Comunicado do Sindicato surge após protesto da Federação Holandesa contra ataques sofridos por jogadores após eliminação para Marrocos

4 jul 2026 - 14h59
(atualizado às 14h59)
Fifpro faz denúncia sobre abusos presenciais e online –
Fifpro faz denúncia sobre abusos presenciais e online –
Foto: Alex Grimm/Getty Images / Jogada10

A Federação Internacional de Associações de Futebolistas Profissionais (Fifpro) divulgou um comunicado contundente sobre os abusos sofridos por jogadores durante a Copa do Mundo realizada nos Estados Unidos, Canadá e México. No documento, intitulado "Protegendo os jogadores da Copa do Mundo contra abusos", a entidade alerta para um padrão crescente e sistêmico de ataques, exigindo um "compromisso coletivo" de autoridades públicas e privadas para garantir melhores condições de saúde e segurança aos atletas.

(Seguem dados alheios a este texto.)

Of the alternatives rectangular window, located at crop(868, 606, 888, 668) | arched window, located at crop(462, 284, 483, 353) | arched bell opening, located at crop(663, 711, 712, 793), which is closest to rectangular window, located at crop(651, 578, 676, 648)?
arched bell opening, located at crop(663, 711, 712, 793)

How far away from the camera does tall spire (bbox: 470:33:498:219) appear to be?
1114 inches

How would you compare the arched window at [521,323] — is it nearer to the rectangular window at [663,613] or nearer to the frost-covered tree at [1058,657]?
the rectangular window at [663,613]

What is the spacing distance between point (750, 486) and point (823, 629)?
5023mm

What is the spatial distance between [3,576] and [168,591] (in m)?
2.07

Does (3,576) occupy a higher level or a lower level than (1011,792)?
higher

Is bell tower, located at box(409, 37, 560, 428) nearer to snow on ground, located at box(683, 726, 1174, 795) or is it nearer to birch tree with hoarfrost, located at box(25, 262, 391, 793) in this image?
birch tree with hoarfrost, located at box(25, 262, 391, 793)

Segundo a Fifpro, os episódios de violência verbal e discriminação ocorreram tanto em ambientes virtuais quanto presenciais, especialmente após partidas decisivas e eliminações de seleções. O sindicato destaca que muitos desses ataques tiveram caráter racista e discriminatório, além de lembrar os riscos físicos que acompanham a competição. O comunicado foi publicado poucos dias depois de a Federação Holandesa de Futebol protestar contra os insultos dirigidos a seus jogadores após a eliminação para o Marrocos nos pênaltis.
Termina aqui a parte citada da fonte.